To do: In the data below, find the line with "BOLT CUTTER MCC" and output it along with every later line, exactly, but not the pictures.

Given data:
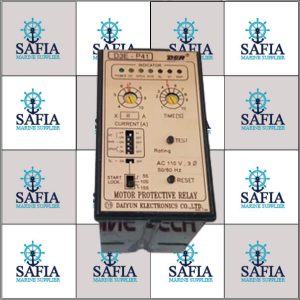 DAIYUN ELECTRONICS D3E-P41 MOTOR PROTECTIVE RELAY AC110V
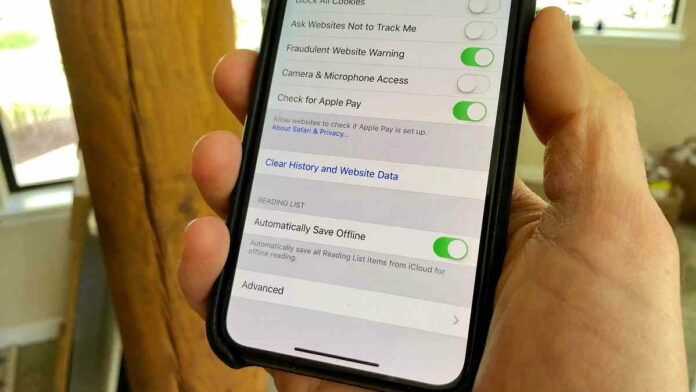 Cara Menghapus Cache di iPhone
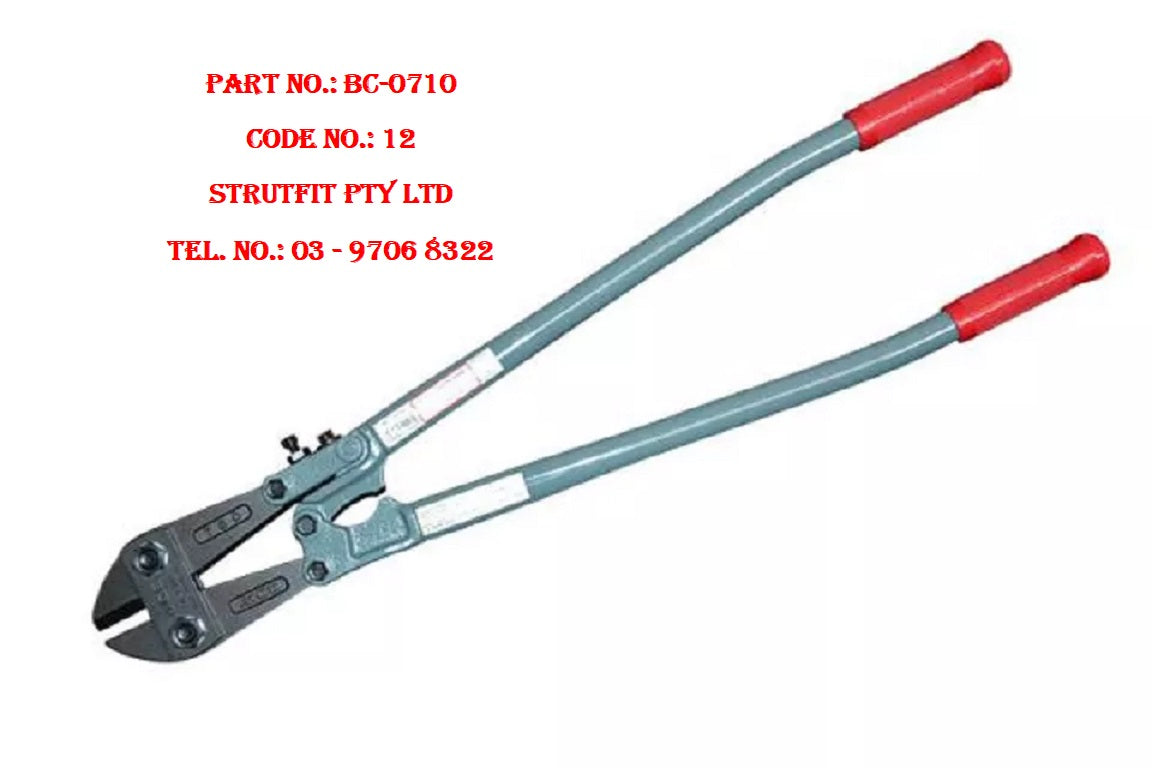 BOLT CUTTER MCC 1050mm Part No.: BC-0710 Code No.: 12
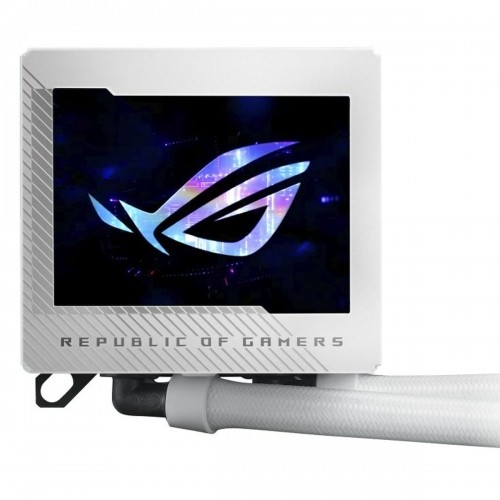 Комплект жидкостного охлаждения Asus ROG RYUJIN III 360 ARGB White Edition image 4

Task answer:
 BOLT CUTTER MCC 1050mm Part No.: BC-0710 Code No.: 12
 Комплект жидкостного охлаждения Asus ROG RYUJIN III 360 ARGB White Edition image 4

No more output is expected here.